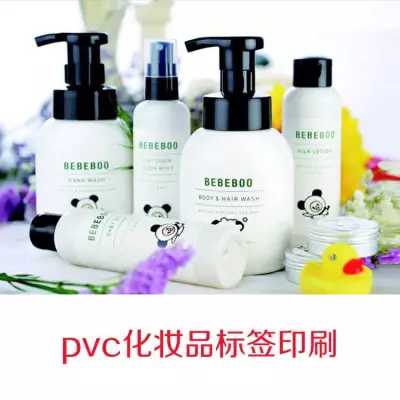 蘇州某化妝品公司采購化妝品PVC標(biāo)簽 蘇州某化妝品公司采購化妝品PVC標(biāo)簽
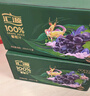 匯源 無(wú)添加純果汁健康營(yíng)養飲料 100%桃汁1L*6盒節日囤貨整箱中秋禮盒 曬單實(shí)拍圖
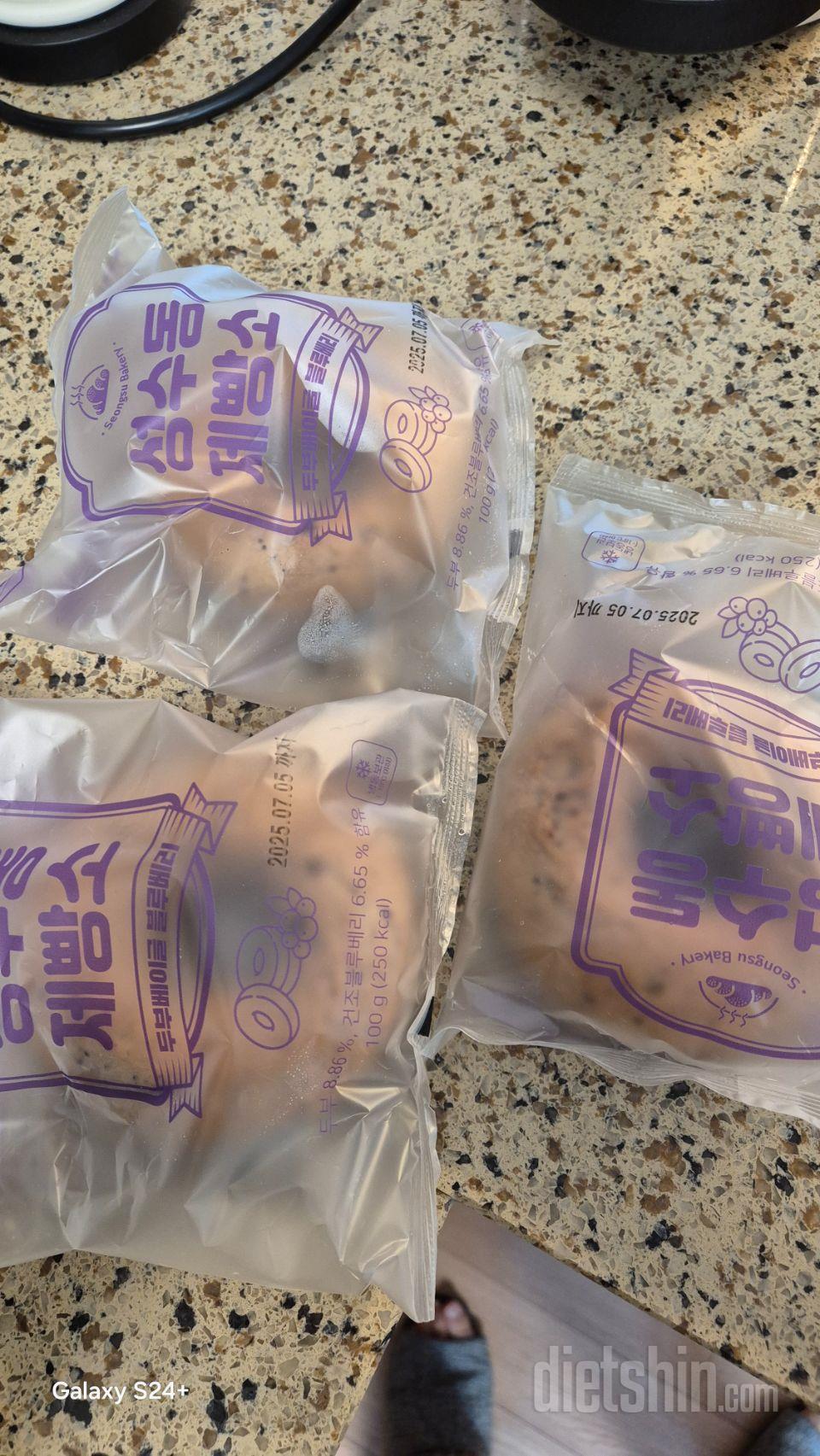 두부베이글 맛있어요 
건강한 맛에 칼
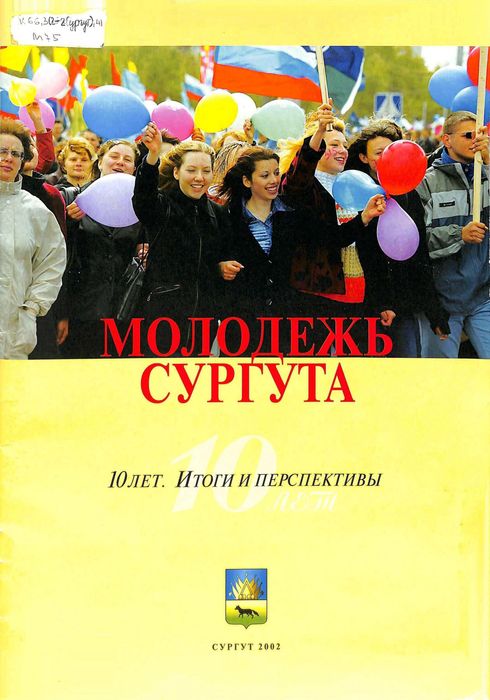 Обложка книги 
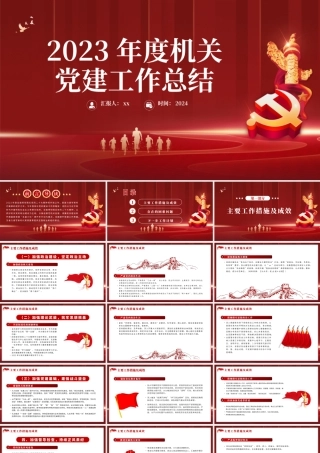 党建工作总结ppt模板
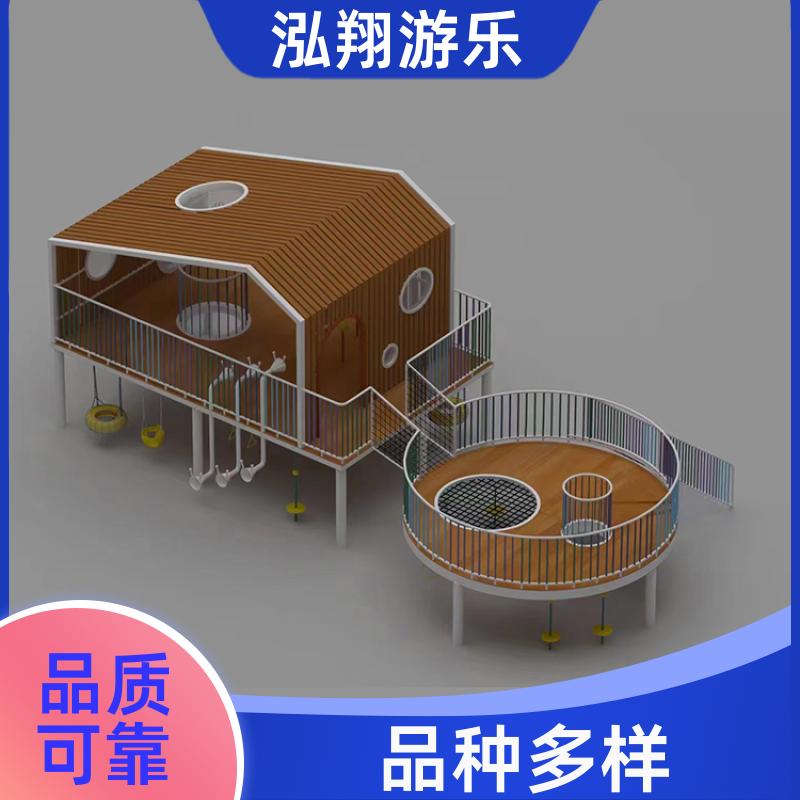 泓翔游乐 儿童非标滑梯组合 景区创意娱乐设施 加工定制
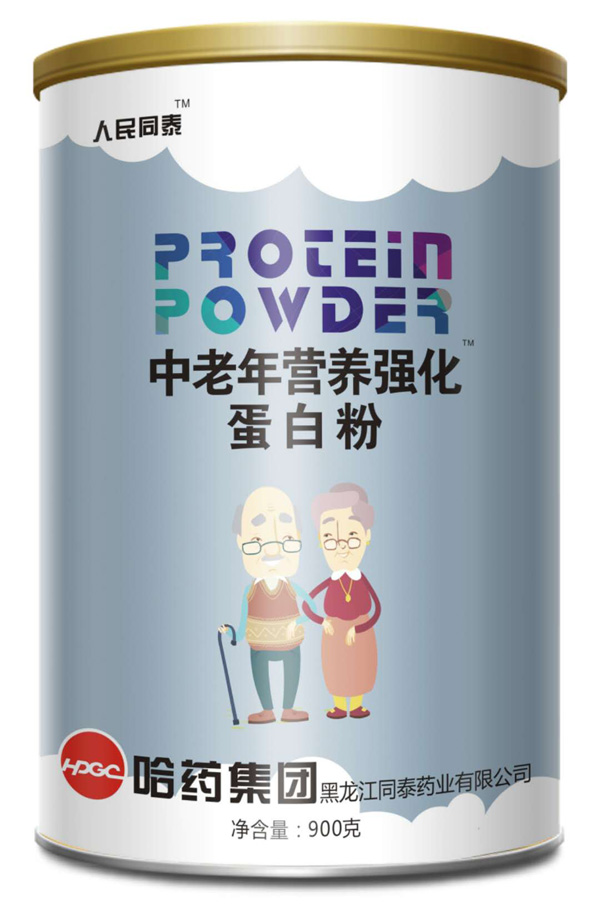  ����̩ͬ������I�B(y��ng)�������׷�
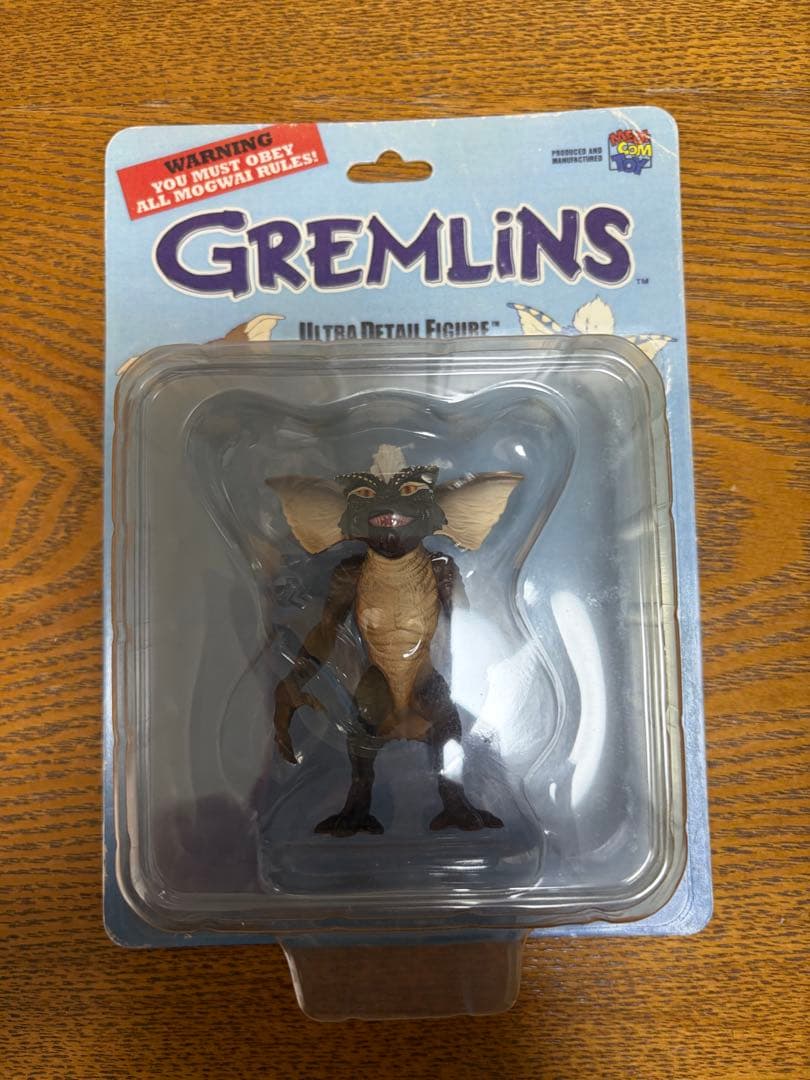 ギズモ グレムリン ウルトラディテールフィギュア 限定品 新品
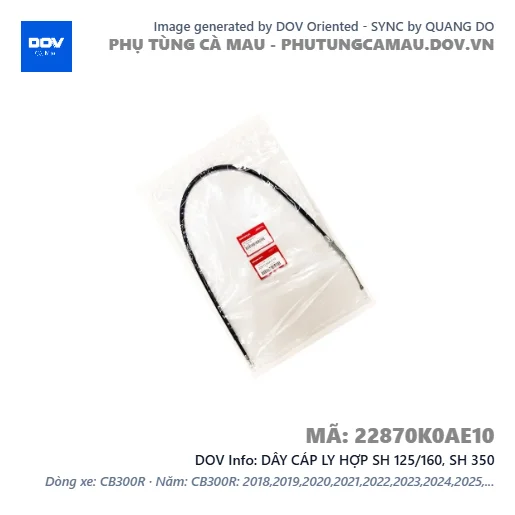 DÂY CÁP LY HỢP SH 125/160, SH 350 — 22870K0AE10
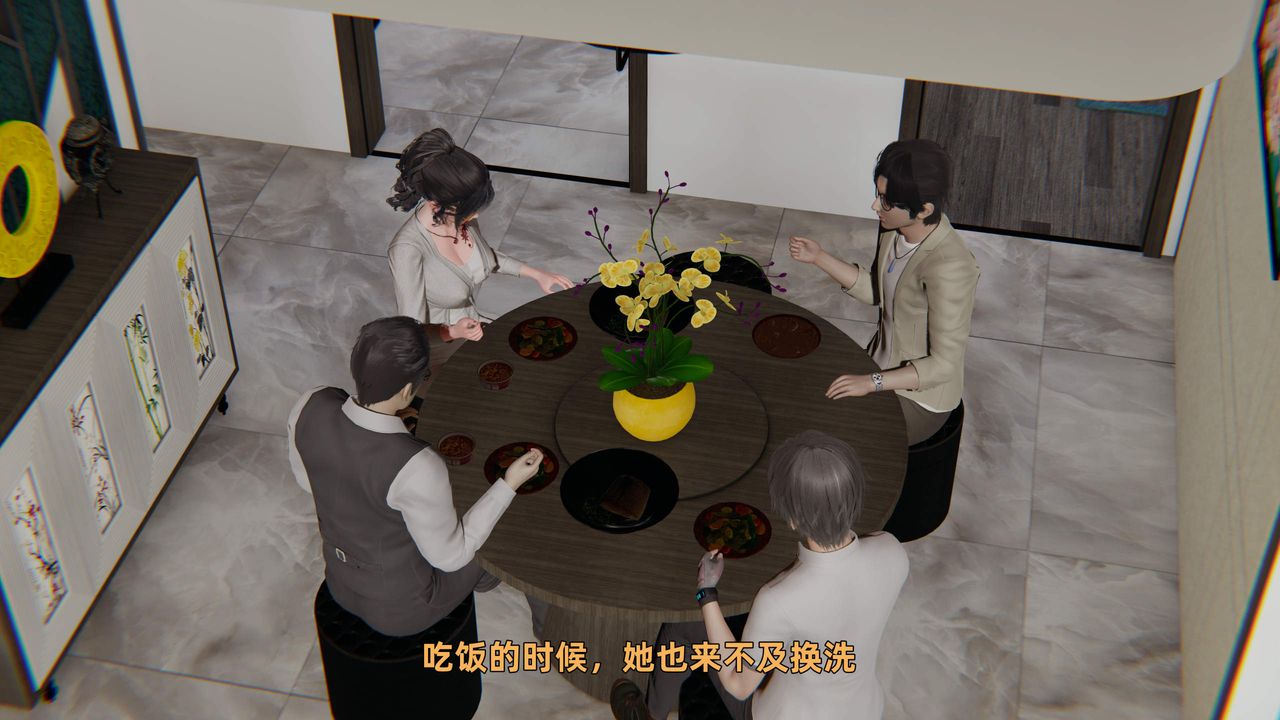 《[3D]暴露女友小月》漫画 第34話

## GOAL OF THE EXERCISE:
Exactly as they stand, retype all the entries, but omit the pictures.

## ANSWER BELOW:
 蘇州某化妝品公司采購化妝品PVC標(biāo)簽 蘇州某化妝品公司采購化妝品PVC標(biāo)簽
 匯源 無(wú)添加純果汁健康營(yíng)養飲料 100%桃汁1L*6盒節日囤貨整箱中秋禮盒 曬單實(shí)拍圖
 두부베이글 맛있어요 
건강한 맛에 칼
 Обложка книги 
 党建工作总结ppt模板
 泓翔游乐 儿童非标滑梯组合 景区创意娱乐设施 加工定制
  ����̩ͬ������I�B(y��ng)�������׷�
 ギズモ グレムリン ウルトラディテールフィギュア 限定品 新品
 DÂY CÁP LY HỢP SH 125/160, SH 350 — 22870K0AE10
 《[3D]暴露女友小月》漫画 第34話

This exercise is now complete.